Our man James Nalton assessed willingness to vary play and improved work-rate in midfield as key factors behind the match-winning second-half:
They dominated the midfield, but much of the danger came from an uncharacteristic willingness to play balls over the top when necessary and, perhaps even more surprisingly, from set pieces.
There was also more desire to close down in midfield and force mistakes. The team were on a high after the goal rather than tentatively looking to protect a lead, which saw confidence surge throughout the team.
Meanwhile, the BBC’s Neil Johnston explored the interesting contrast in the Reds’ defensive strength at Anfield compared to on the road:
For all the criticism Liverpool have received for their defensive performances, this was their fourth clean sheet in five top-flight games at Anfield.
The Reds have entertained, amongst others, Arsenal and Manchester United yet Burnley remain the only team to scored at the venue in the league.
It’s an entirely different story on the road for Liverpool and their defence. They have conceded 15 in five games on opposition soil in the league.
Certain reporters discussed Klopp’s bold decision to show faith in those who let him down against Tottenham, with some assessing the German’s faith as being repaid following the result.
Reddy praised Klopp for giving the underperformers the chance to make amends, and felt the German’s loyalty was rewarded:
There were only two changes to the line-up, one enforced due to Philippe Coutinho’s injury, as Klopp opted to trust his men to right their wrongs.
It was not the popular choice ahead of kick-off, nor the easy one, but perhaps was the correct one in terms of promoting confidence and unity.

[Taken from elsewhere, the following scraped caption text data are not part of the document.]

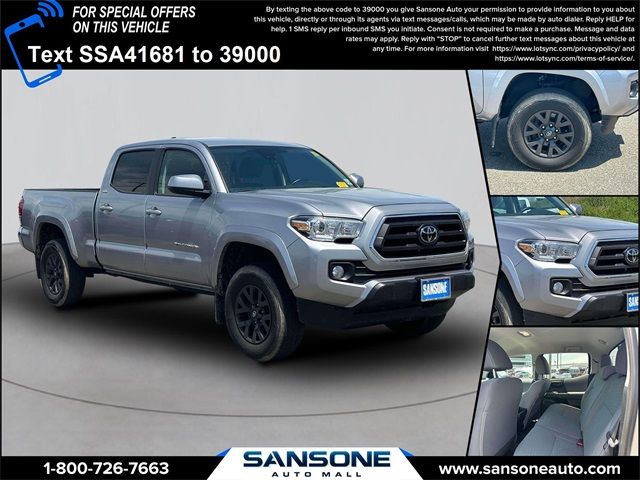 2021 Toyota Tacoma SR5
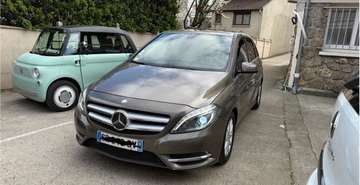 Mercedes 180 cdi sport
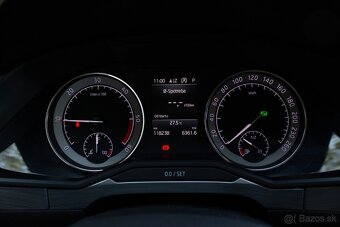 Škoda Superb Combi 2.0TDI 110kw DSG - 10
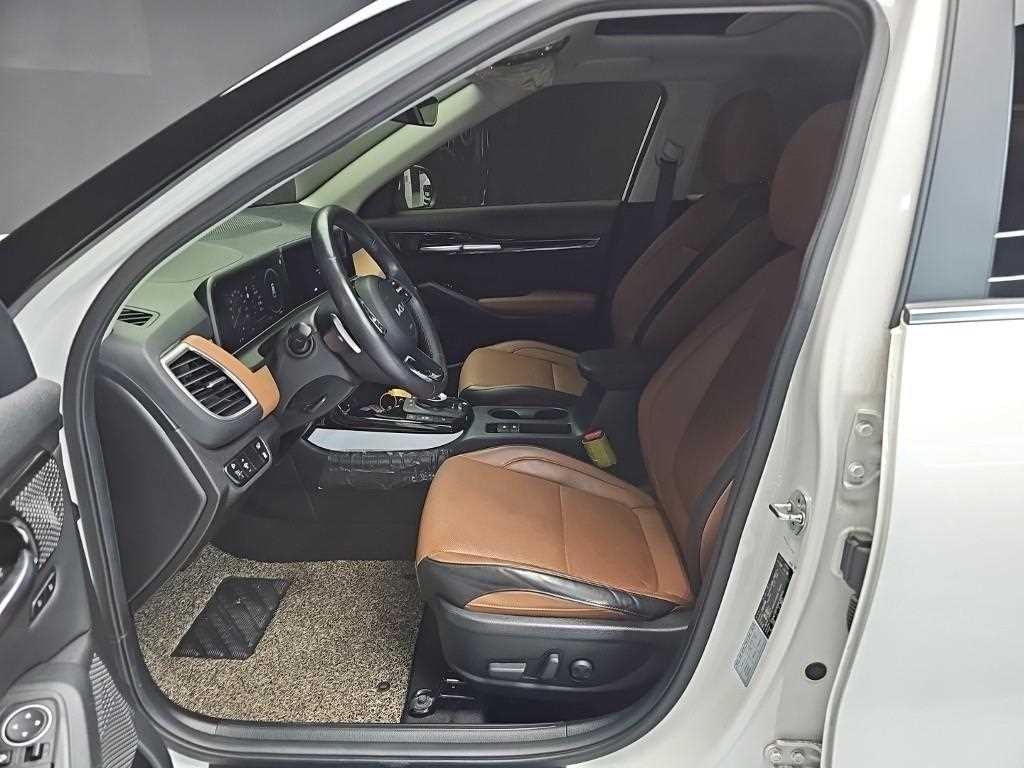 기아 셀토스 더 뉴 셀토스 가솔린 1.6 터보 4WD 시그니처 이미지 11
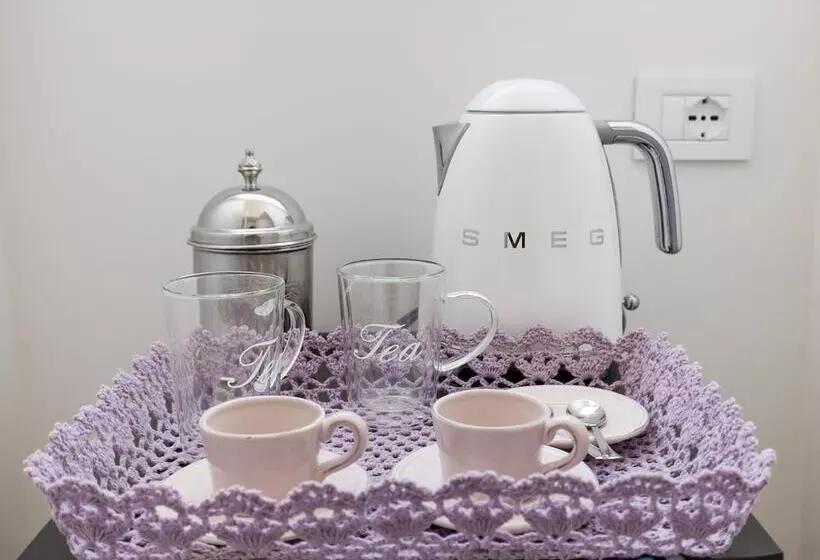 ベッドアンドブレックファースト Palazzo Cacace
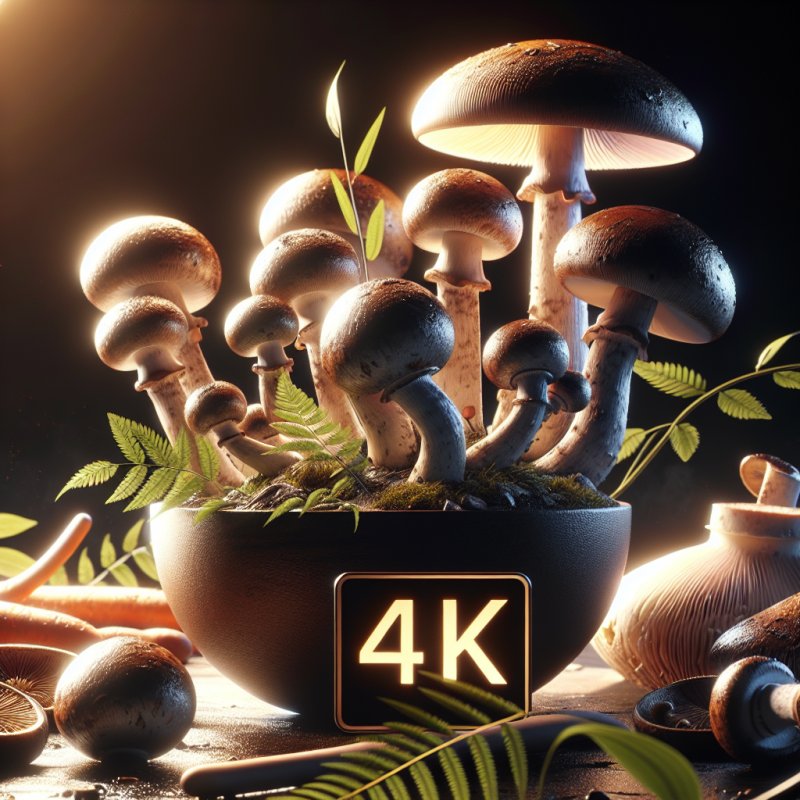 Houby: Kulturní i kulinářské poklady z celé zeměkoule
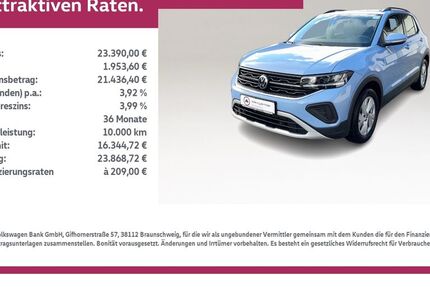 VW T-Cross 13.800 km 23.390 &euro; Miesbach 83714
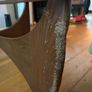G-Plan "Astro" Oval Teak Coffee Table Image 3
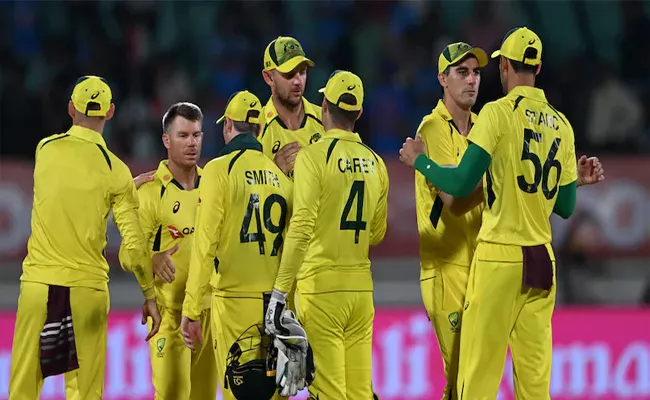 Australia Edge Pakistan By 14 Runs - Sakshi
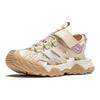 Li Ning Série Sports Lifestyle Enfants Trekking 2 Sandales Enfants Amortissantes Durables Sandales Enfants Violet Clair YKUU010-4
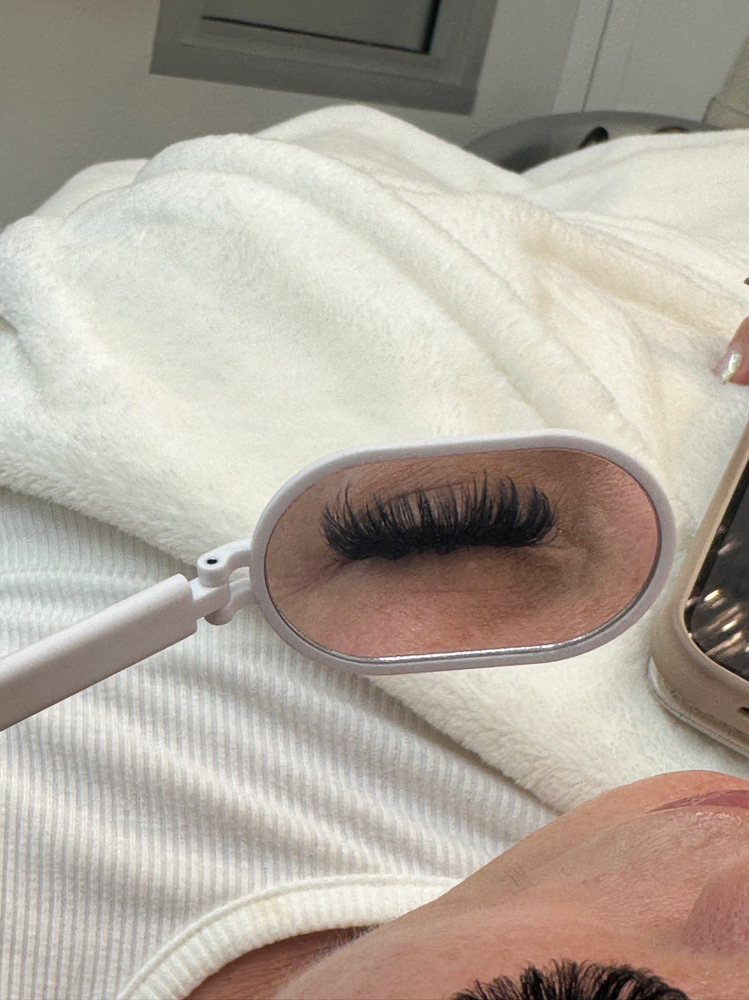 Lash Fill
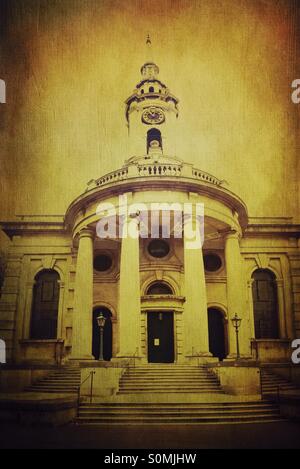 La chiesa di St Paul, Deptford Foto Stock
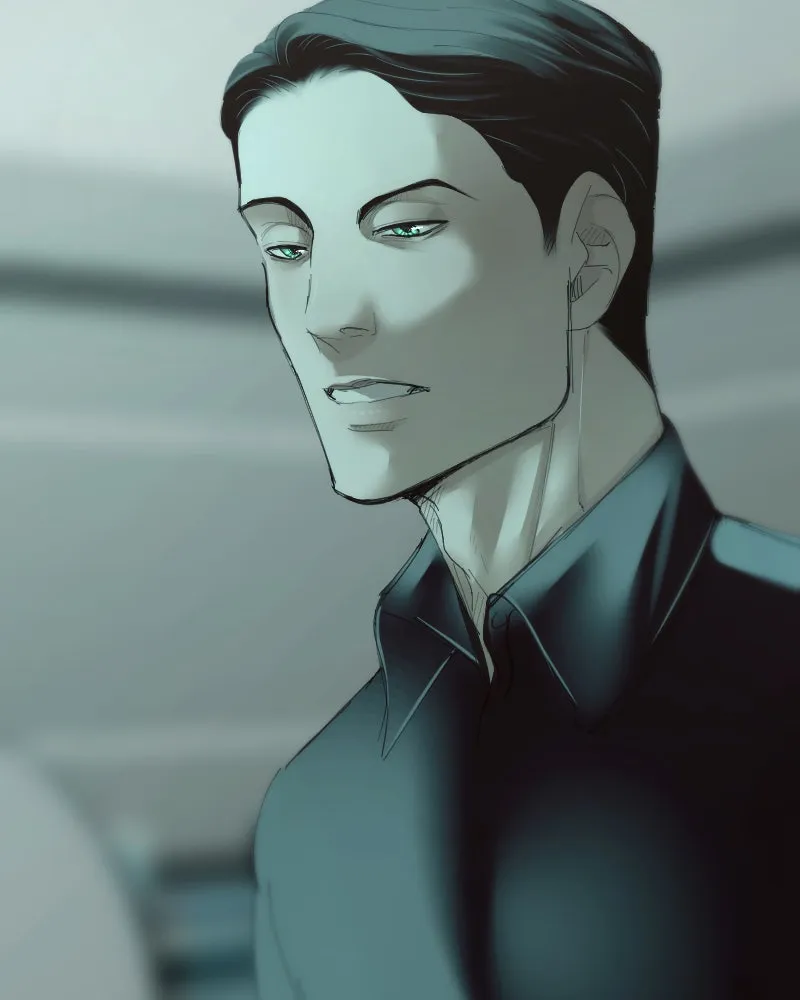 Read In the Bleak Midwinter; chapter 48 image 44 on Lezhin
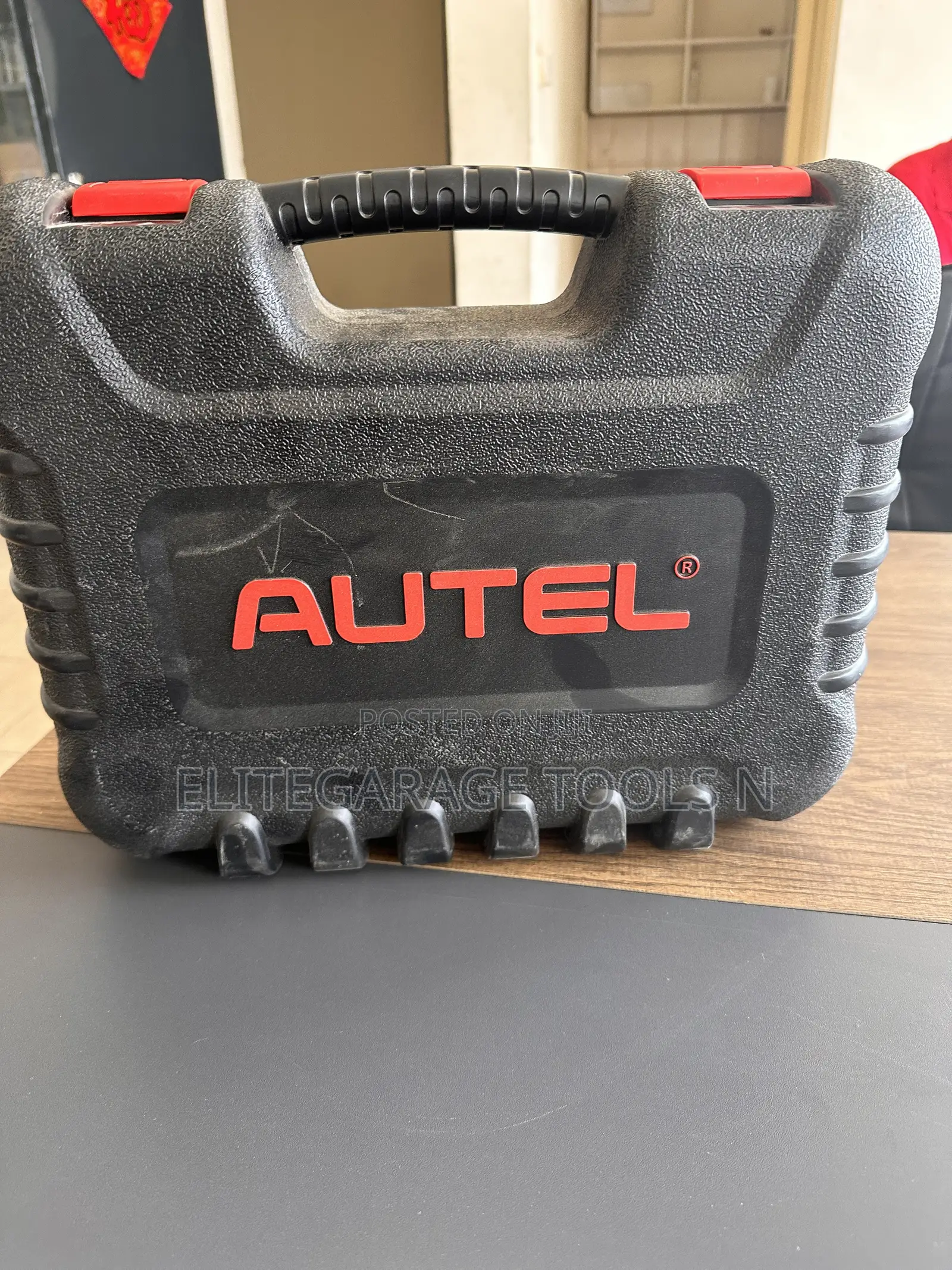 High Quality Bluetooth Autel Diagnosis Machine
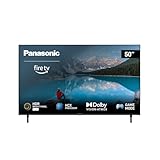 Panasonic TX-50MXW834, 50 Zoll 4K Ultra HD LED Smart TV, High Dynamic Range...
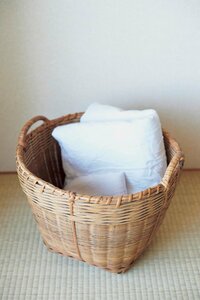 家事を楽しませてくれる小物を身近に置いておく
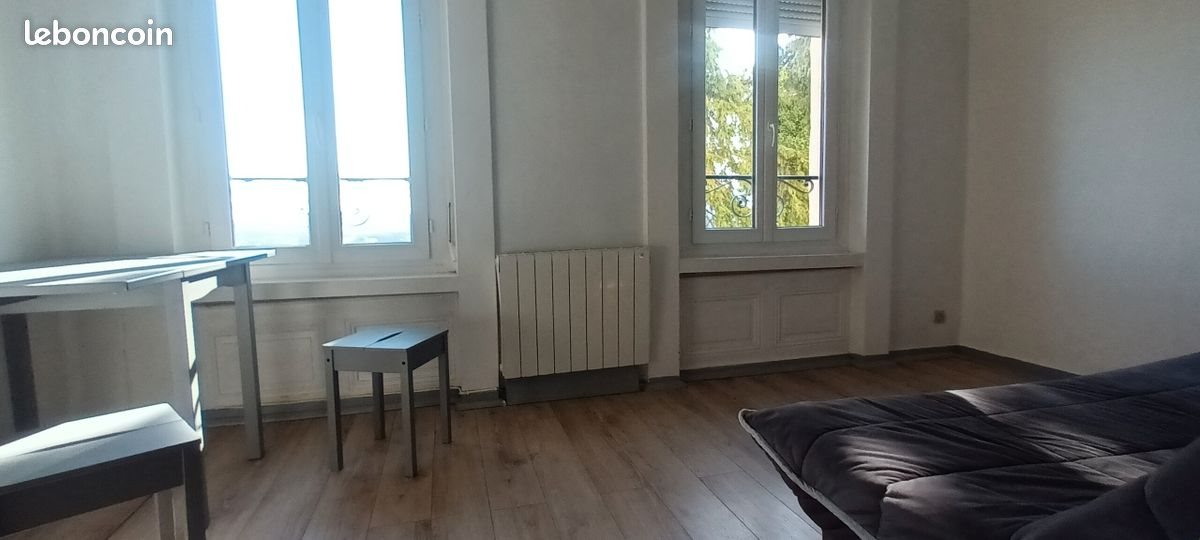 Appartement à louer, 24m², Saint-Étienne
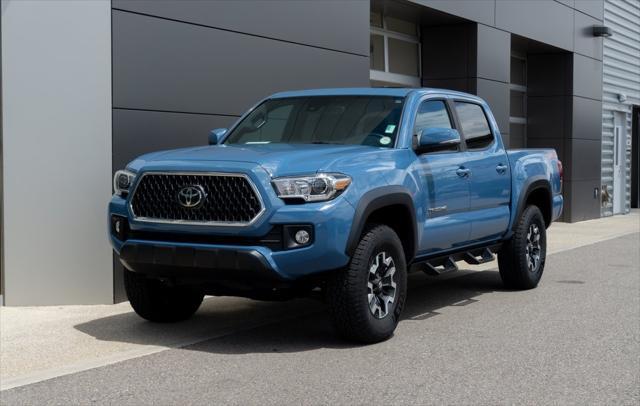 used 2019 Toyota Tacoma car, priced at $38,697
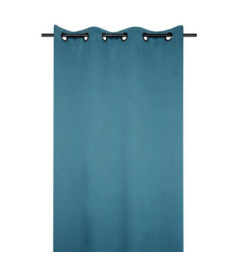 Rideau NOTTE occultant Canard 135x250cm
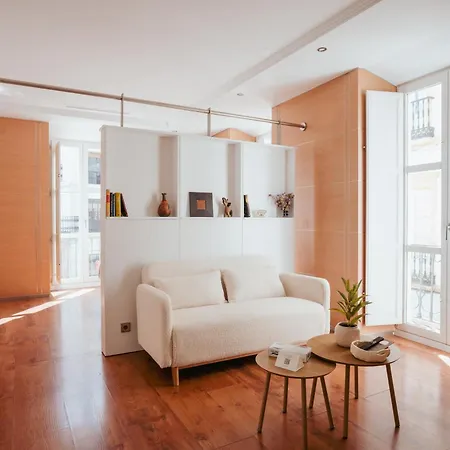 Apartament El Progreso *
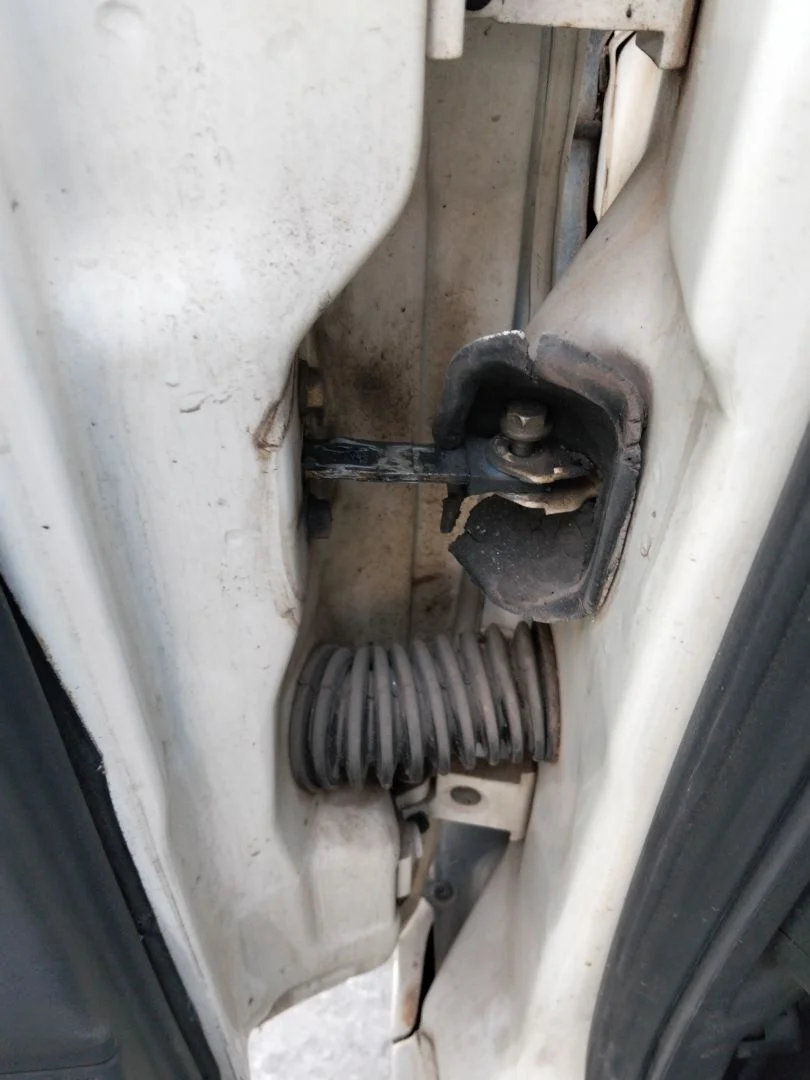 Foto de RETENEDOR PUERTA SEAT IBIZA (6K1) 1.9 TDI (90 CV / 66 KW) referencia 6K0837249A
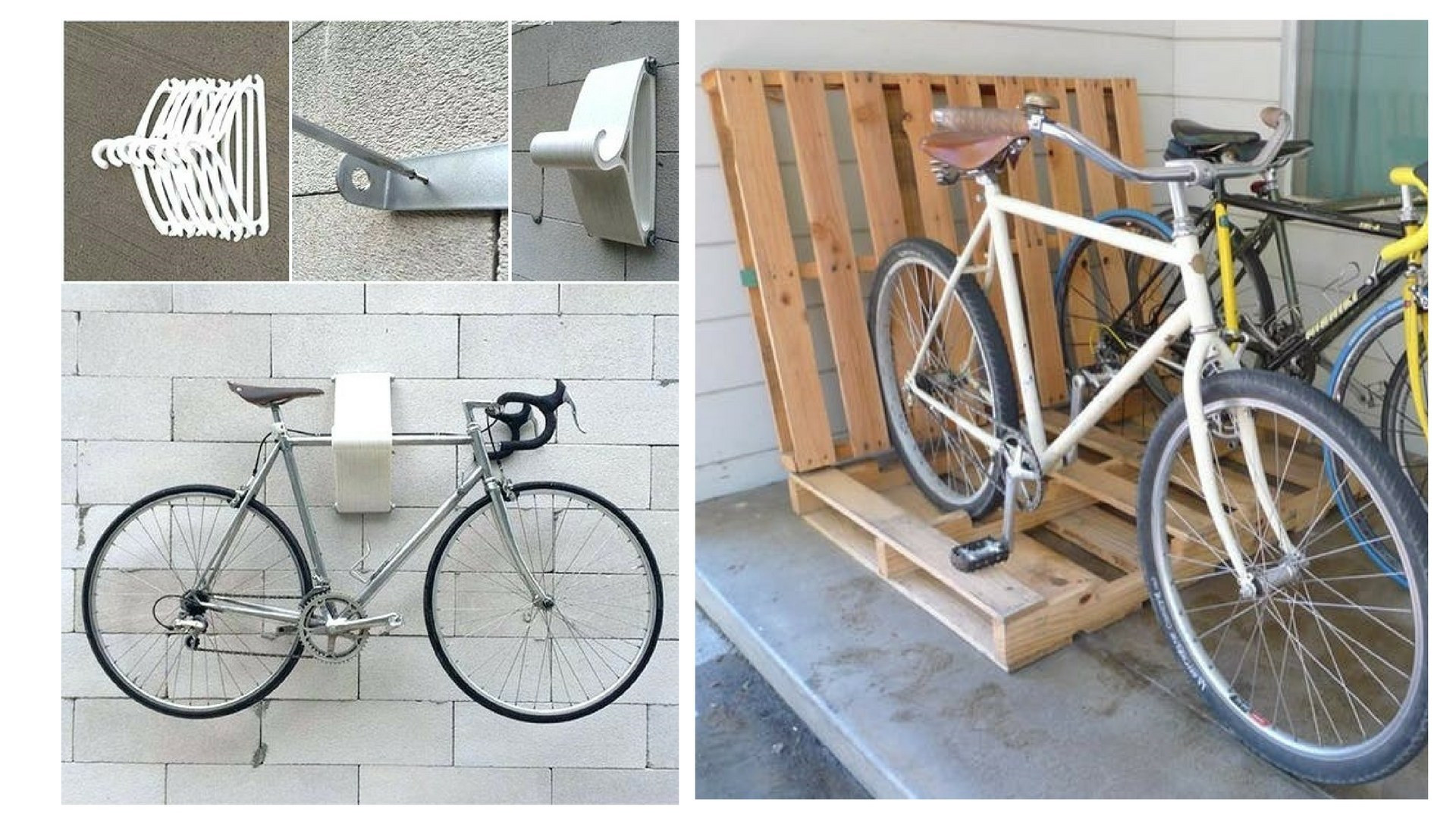 Best ideas about DIY Bicycle Storage
. Save or Pin Top 10 DIY Bike Storage Ideas and Inspiration The Handy Mano Now.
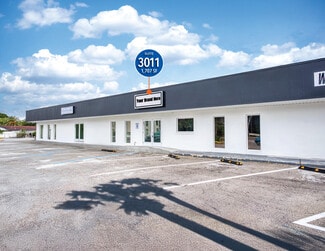 Plus de détails pour 3007-3013 Aloma Ave, Winter Park, FL - Bureau/Médical à louer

Our own Jack Lusby thought Klopp enjoyed a good afternoon, citing positives with the German’s half-time impact and wise use of substitutes:
With the Reds going in 0-0 at half-time, Klopp clearly had an influence in the dressing room, inspiring his side to produce a much-improved display in the second half.
And encouragingly, Klopp also utilised his substitutes’ bench well, particularly with the introduction of Emre Can to provide further stability.
The Estonian stand-in had a difficult start to the game, as might be expected from a player who hasn’t seen much game time this season, and who was called in to start at the last minute.
But once he did he looked solid, and now gives his manager a choice to make for the next game, regardless of whether Lovren is fit or not.
Finally, the media offered verdicts on individual performances at Anfield, with mixed reviews coming for Liverpool’s midfield.
Lusby assessed Wijnaldum as Man-of-the-Match for an “industrious and intelligent” performance:
The Dutchman was full of energy throughout, as he battled with half-brother Rajiv van La Parra, showing industry and intelligent movement in the midfield.
Energetic, intelligent performance from the experienced Yorkshireman. He’s waited patiently for the opportunity to play in midfield and he’s making it difficult for Klopp to leave him out. His corners were good too, believe it or not.
Usher also assessed a “much-improved” display from Jordan Henderson:
Not the easiest game to play in as there were very few passing lanes open for him, but still managed to play a couple of fine long passes that led to chances. Only the post denied him a goal, and in the second half he set the tone with relentless pressing and energy. A much improved showing from the skipper.
However, Simon Hughes, for the Independent, saw Henderson in poor form, and assessed the captain’s struggles as a key factor to the Reds’ general defensive failure:
The defence aside, one of Liverpool’s problems is Jordan Henderson’s form.
When your confidence is as low as his appears to be, though, and basic passes are failing to meet their destination, is it any wonder that structurally this Liverpool team seems flawed?
Bascombe assessed Joe Gomez as the “most accomplished performer” at Anfield:
Their most accomplished performer in both halves here was also in their back four, Joe Gomez improving every week.